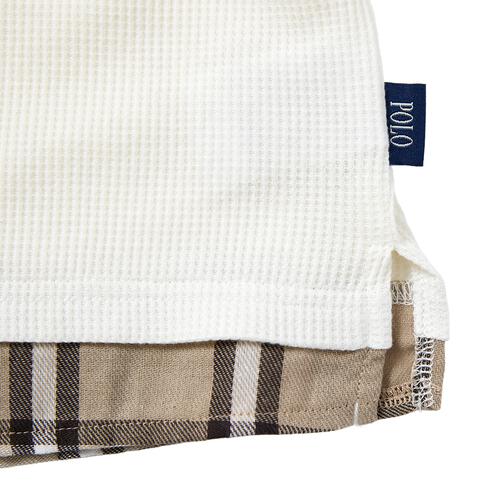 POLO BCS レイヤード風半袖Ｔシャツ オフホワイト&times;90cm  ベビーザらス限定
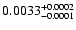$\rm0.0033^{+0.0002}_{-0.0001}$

--

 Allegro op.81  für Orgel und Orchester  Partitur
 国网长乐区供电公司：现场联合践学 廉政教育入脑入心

==

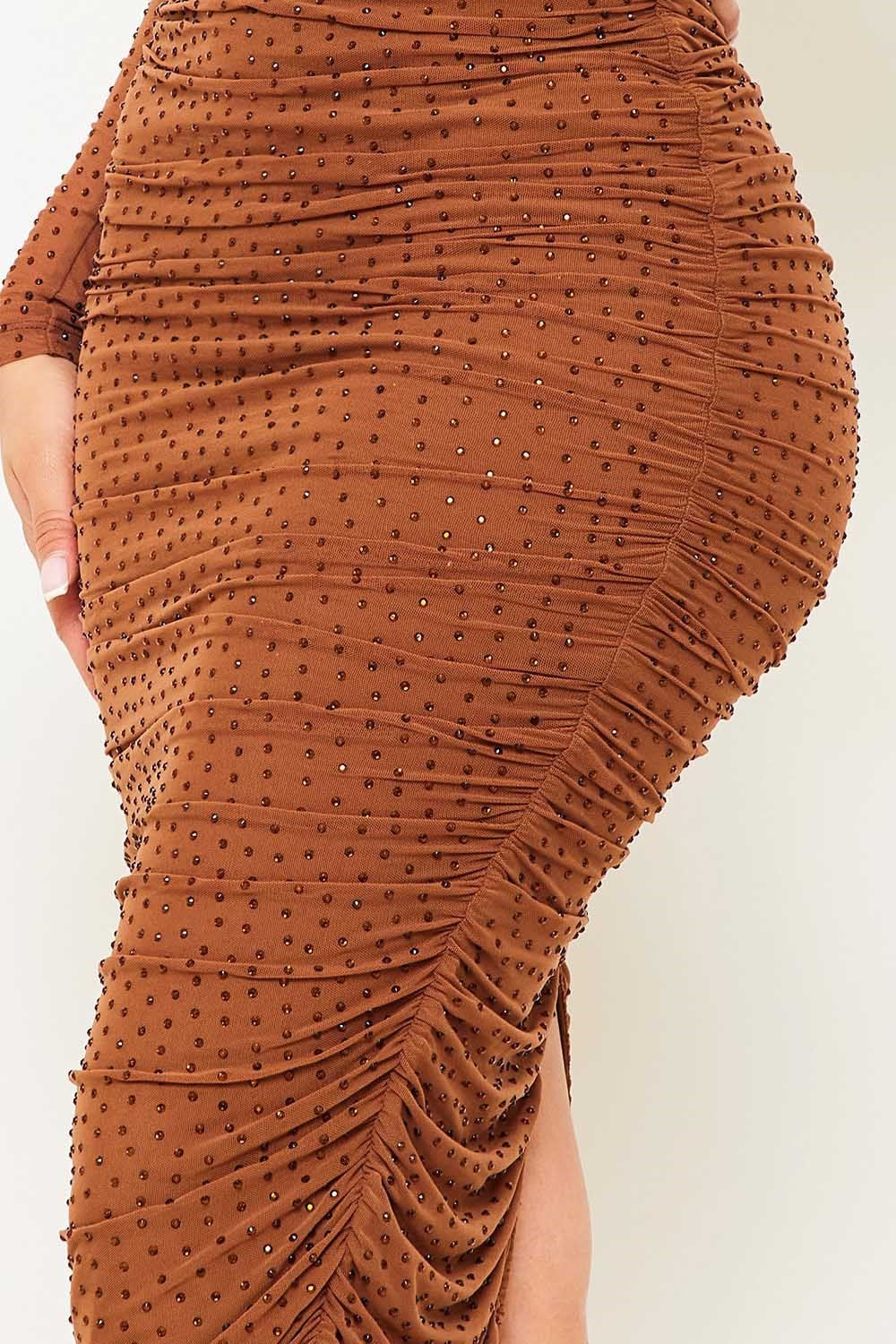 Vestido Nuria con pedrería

_About this task_. Reproduce exactly the stretch of the material above that starts at the line with "Allegro op.81  für Orgel" and ends at the line with "国网长乐区供电公司：现场联合践学 廉政教育入脑入心", both included, and nothing else.

_Task response_.
 Allegro op.81  für Orgel und Orchester  Partitur
 国网长乐区供电公司：现场联合践学 廉政教育入脑入心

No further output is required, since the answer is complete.